The first speaker, Professor Deborah West, Charles Darwin University (CDU), discussed "Learning Analytics" (LA), that is carrying out an analysis of data about how students learn, usually from the learning management system. One issue was concern that the results of the LA would be used to replace staff with recommender systems, which automatically provide students with advice. It seemed to me that LA is only a small part of recommender systems, artificial intelligence (AI) can provide such systems using other techniques. Also many of the insights claimed for LA are already known by educators and part of routine teacher training. The problem is that academics are not trained to teach.
If conventional courses are being delivered, then there is little scope for use of LA after the course has been designed. As an example, if a problem with literacy is identified, then a course can be redesigned, and the prerequisites can be changed. However, once the course has started there is little that can be done.
One interesting point was that about 70% of CDU's student load is on-line, with 30% classroom based. This is close to my prediction for Australian universities generally, being 80% on-line by the end of the decade. Current Australasian universities are about 40% to 50% online (as most students not attending lectures for supposed face-to-face courses).
Professor West cited: Siemens, G., & Long, P. (2011). Penetrating the fog: Analytics in learning and education. EDUCAUSE review, 46(5), 30. Retrieved from https://net.educause.edu/ir/library/pdf/ERM1151.pdf
Professor Sally Varnham, UTS, chaired a panel of students on the "Student Engagement Partnership" (TSEP) project. What I found lacking from th discussion was on-line student representation and integration into the curriculum. For the last five years I have been a part-time on-line postgraduate student. I felt disenfranchised as most actives and representation structures assumed I was on campus and had spare time to be engaged in extra-curricular activities. I was more than a thousand kilometers from the campus and when not studying I had paid work to do.
Professor Karen Nelson, University of the Sunshine Coast, Queensland. Professor Nelson pointed out that research shows that even those students who do not complete a degree receive significant benefit from higher education. However, I suggest that those students would benefit more if the institution was to award them a sub-degree qualification. Professor Nelson also pointed out that the usual parameters for students (full/part time, age, previous education and so on) accounts for only about 12% of the variation in student outcomes.
Professor Nelson pointed out that regional students are moving to capital city universities. Yesterday an review into regional, rural and remote education was announced by the Australian Government. One way regional universities can compete, I suggest, is to provide quality on-line, vocationally relevant, VET articulated, nested programs.

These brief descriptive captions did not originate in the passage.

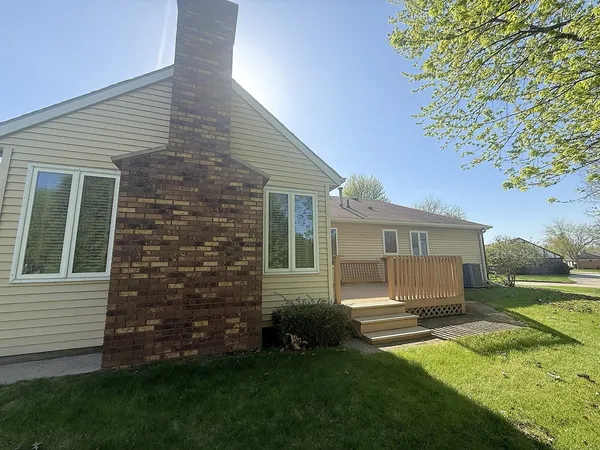 $345,000 | 300 Fieldstone Lane, Dixon, IL 61021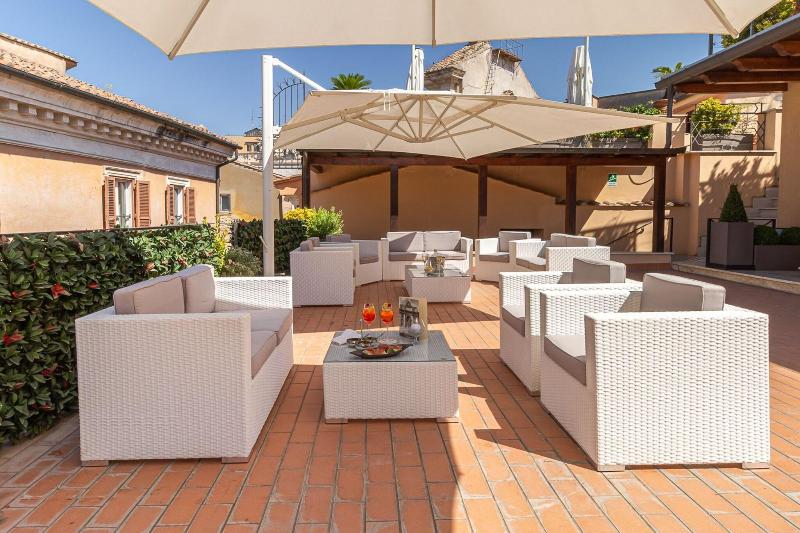 Harry's Bar Trevi Hotel & Restaurant - Teras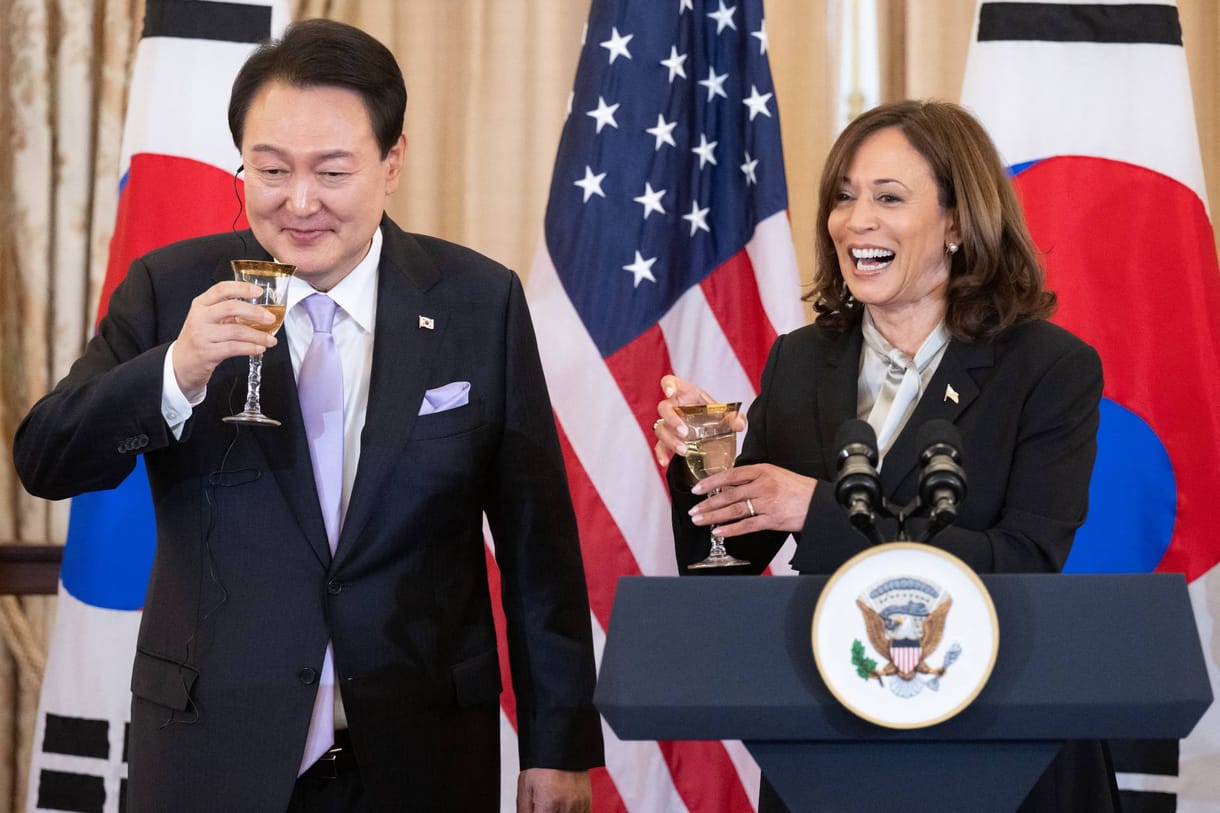 Dél-Korea elnöke kieresztette a hangját a Fehér Házban, elénekelte az American Pie-t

The Australian Computer Society (ACS) announced yesterday the first advanced professional accreditation for an ICT degree, awarded to the University of Wollongong (UOW) Master of Information and Communication Technology (Advanced). The accreditation requires students to have skills in leadership and management,beyond what is expected in the usual degree. I suggest this will aid completion and engagement of students, as they will be working on work-relevant skills and realistic projects.